**EXERCISE OBJECTIVE:**
Exclude all pictures. Then restate, word for word, the entries from the first line through the line that contains "Adesivo per vetrine".
*** MATERIALS PROVIDED ***
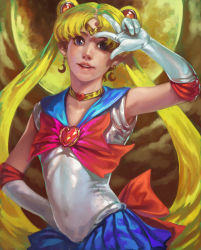 Rule 34 | 1990s (style), 1girl, bishoujo senshi sailor moon, blonde hair, blue eyes, blue sailor collar, blue skirt, bow, brooch, choker, cloud, double bun, earrings, elbow gloves, full moon, gloves, hand on own hip, heart, heart brooch, hip focus, jewelry, k-bose, lips, long hair, magical girl, moon, night, parted lips, pleated skirt, realistic, red bow, retro artstyle, sailor collar, sailor moon, skirt, sleeveless, solo, tiara, tsukino usagi, twintails, v, white gloves
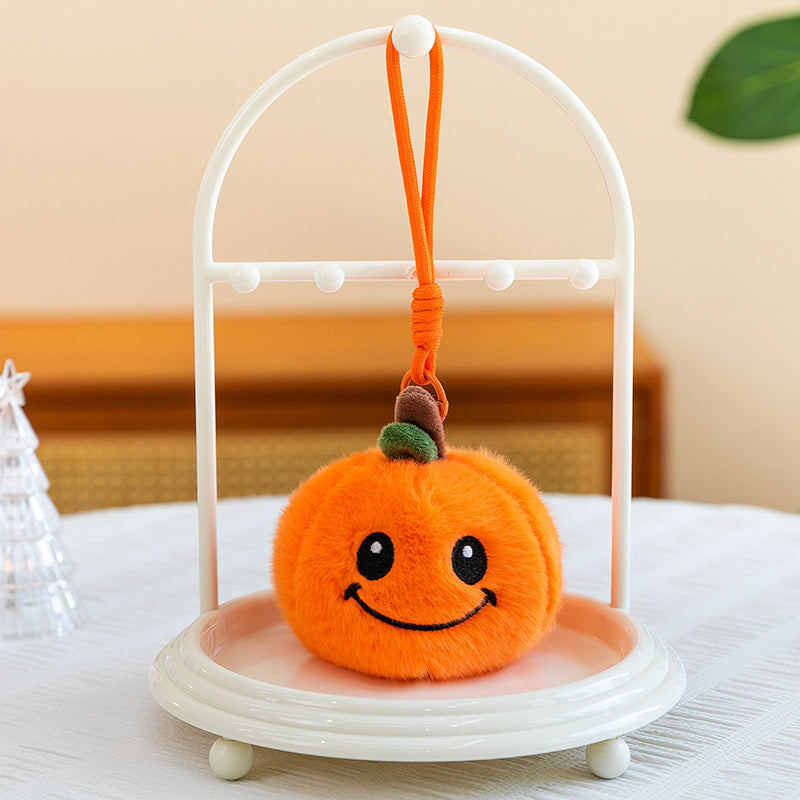 5pcs Halloween Plush 3.94'' Pumpkin Keychain Soft Stuffed Bag Charm Pendant with Funny Facial Expressions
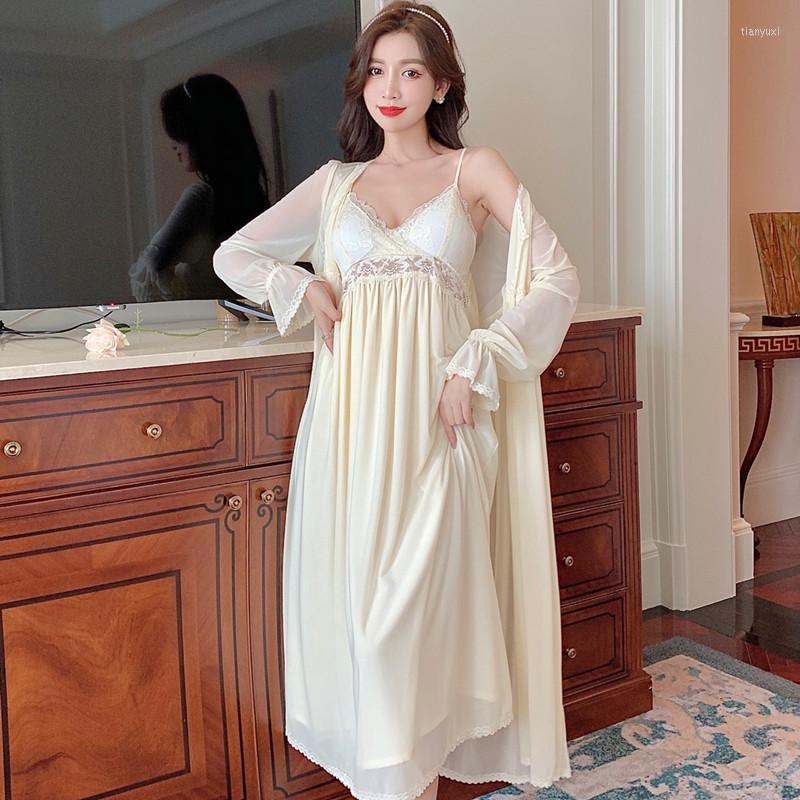 Women's Sleepwear Mesh Perspective Robe Sets 2PCS Sexy Lace Kimono Gown White Solid Bride Wedding Bathrobe Cardigan Nightgown Pijamas Suits, Beige
Women's Sleepwear Mesh Perspective Robe Sets 2PCS Sexy Lace Kimono Gown White Solid Bride Wedding Bathrobe Cardigan Nightgown Pijamas Suits, Beige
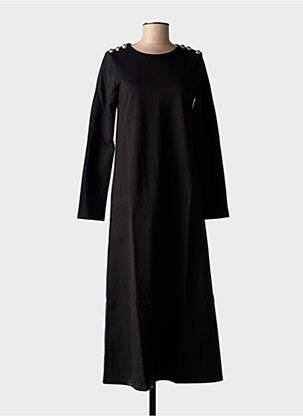 Robe longue tissage popeline manches longues noir BLANC BOHEME femme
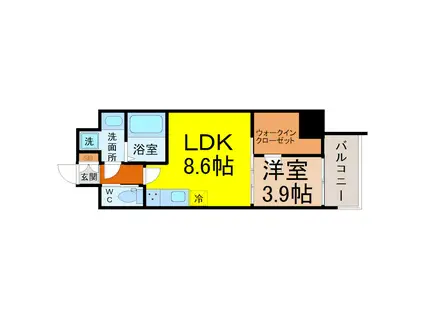 BMG RESIDENCE(1LDK/9階)の間取り写真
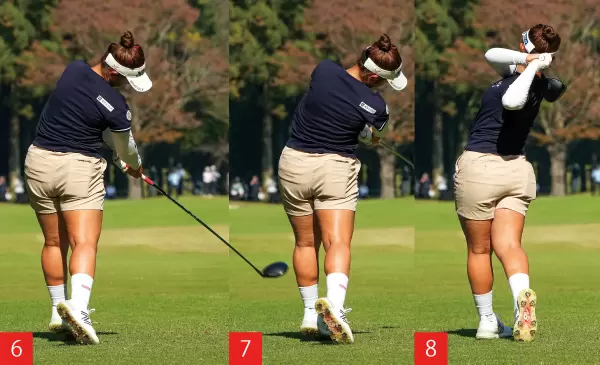 山下美夢有,スイング連続写真,フォロー,フィニッシュ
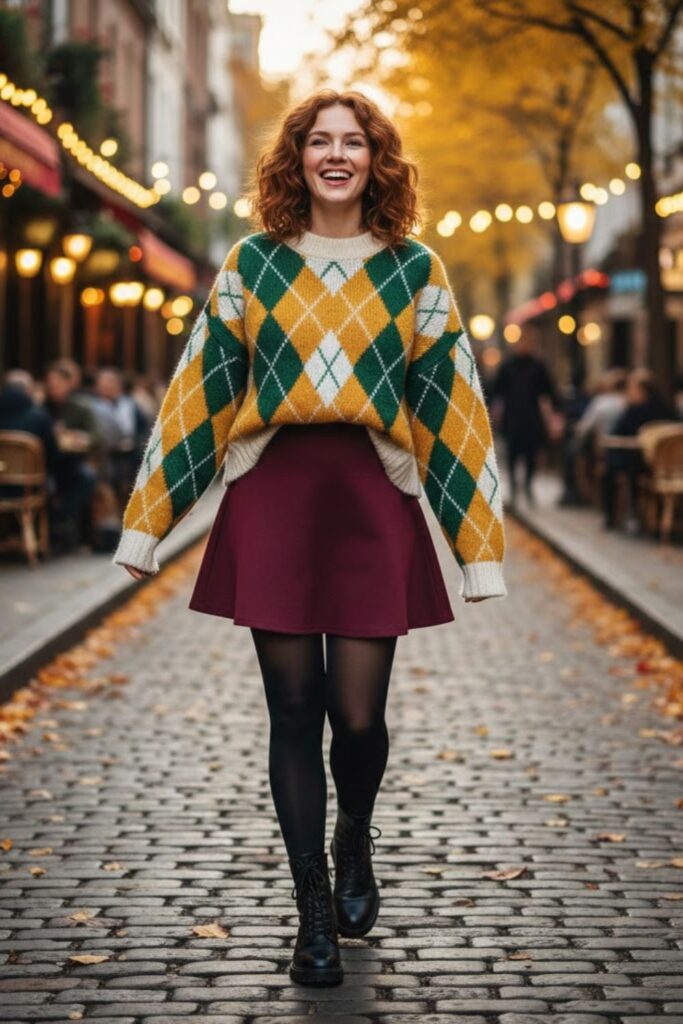 Burgundy Skirt with Patterned Sweater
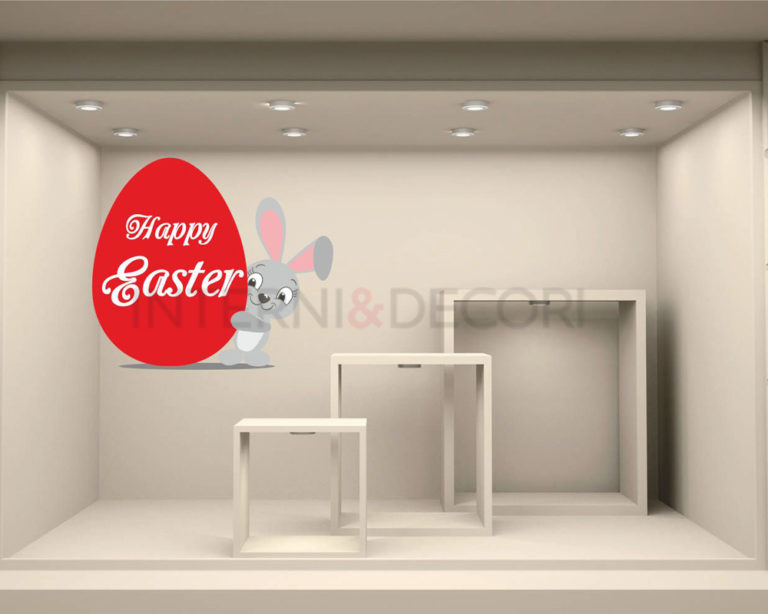 Adesivo per vetrine Pasqua "SWEET BUNNY WITH EGG" - Vetrofania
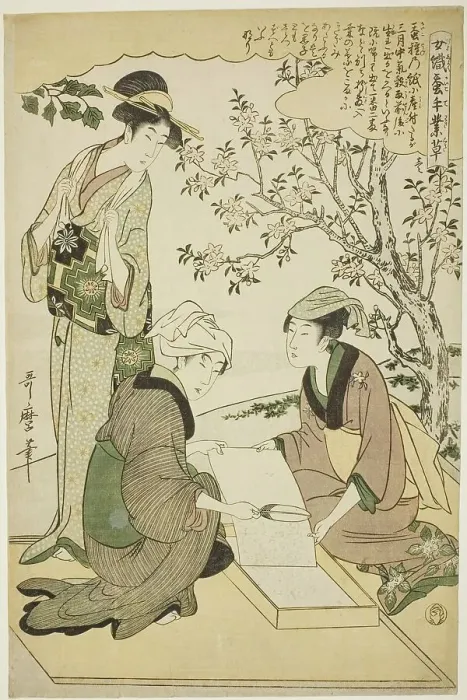 Framed Print : No. 1 (ichi), from the series Women Engaged in the Sericulture Industry (Joshoku... c1798 / 1800. Creator: Kitagawa Utamaro. No. 1 (ichi), from the series Women Engaged in the Sericulture Industry (Joshoku... c1798 / 1800) Framed Print : No. 1 (ichi), from the series Women Engaged in the Sericulture Industry (Joshoku... c1798 / 1800. Creator: Kitagawa Utamaro. No. 1 (ichi), from the series Women Engaged in the Sericulture Industry (Joshoku... c1798 / 1800)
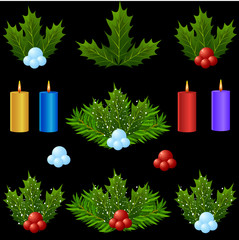 Elegant Winter Holiday Objects Isolated on Black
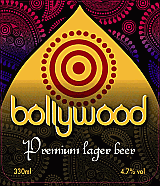 Bollywood lager - premium Indian lager sold by a local Sussex beer company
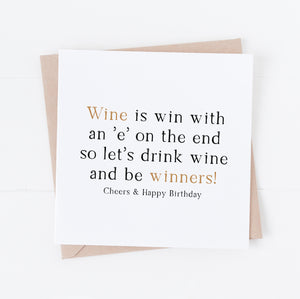 Funny Birthday card for wine lover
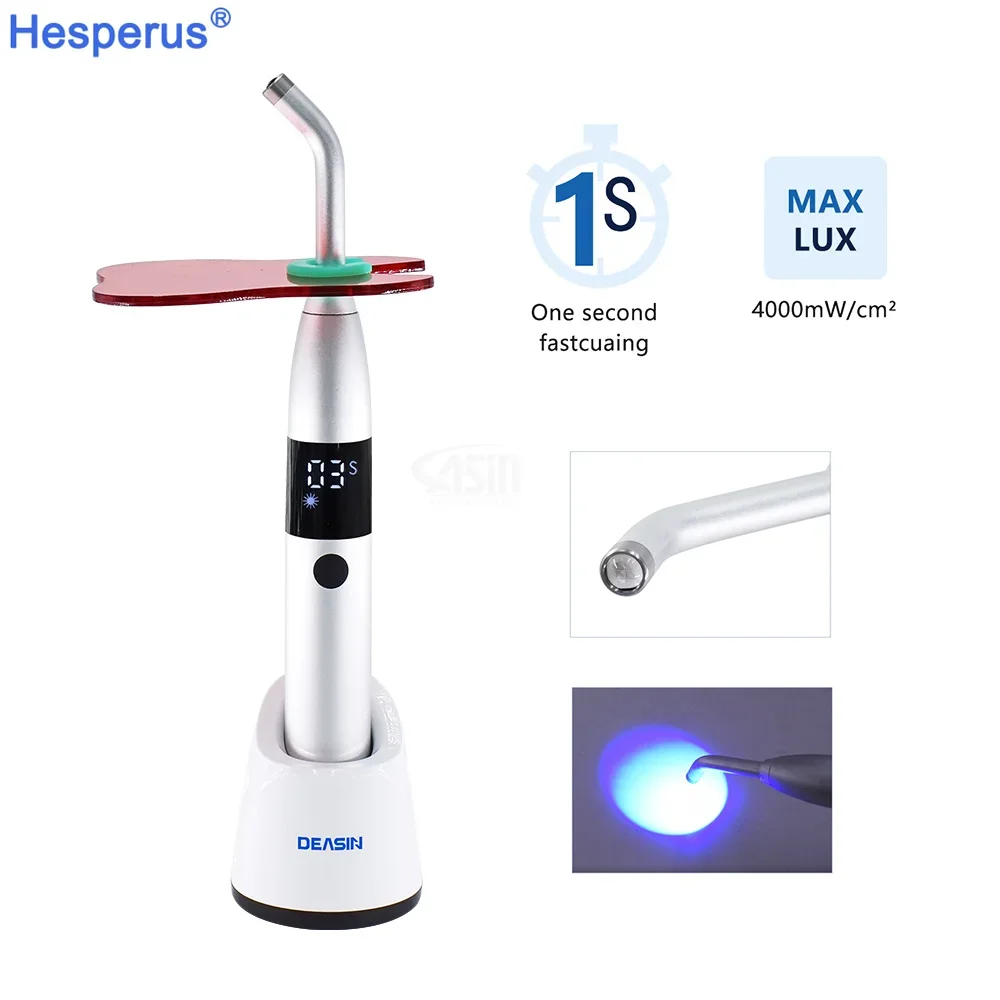 Powerful 1 Second Den tal LED Light Curing Den tal Led Cure Lamp High Power Blue Lights Intensity Wide Spectrum Wireless Cordles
*** End of MATERIALS PROVIDED ***
**EXERCISE OUTPUT:**
 Rule 34 | 1990s (style), 1girl, bishoujo senshi sailor moon, blonde hair, blue eyes, blue sailor collar, blue skirt, bow, brooch, choker, cloud, double bun, earrings, elbow gloves, full moon, gloves, hand on own hip, heart, heart brooch, hip focus, jewelry, k-bose, lips, long hair, magical girl, moon, night, parted lips, pleated skirt, realistic, red bow, retro artstyle, sailor collar, sailor moon, skirt, sleeveless, solo, tiara, tsukino usagi, twintails, v, white gloves
 5pcs Halloween Plush 3.94'' Pumpkin Keychain Soft Stuffed Bag Charm Pendant with Funny Facial Expressions
 Women's Sleepwear Mesh Perspective Robe Sets 2PCS Sexy Lace Kimono Gown White Solid Bride Wedding Bathrobe Cardigan Nightgown Pijamas Suits, Beige
Women's Sleepwear Mesh Perspective Robe Sets 2PCS Sexy Lace Kimono Gown White Solid Bride Wedding Bathrobe Cardigan Nightgown Pijamas Suits, Beige
 Robe longue tissage popeline manches longues noir BLANC BOHEME femme
 BMG RESIDENCE(1LDK/9階)の間取り写真
 山下美夢有,スイング連続写真,フォロー,フィニッシュ
 Burgundy Skirt with Patterned Sweater
 Adesivo per vetrine Pasqua "SWEET BUNNY WITH EGG" - Vetrofania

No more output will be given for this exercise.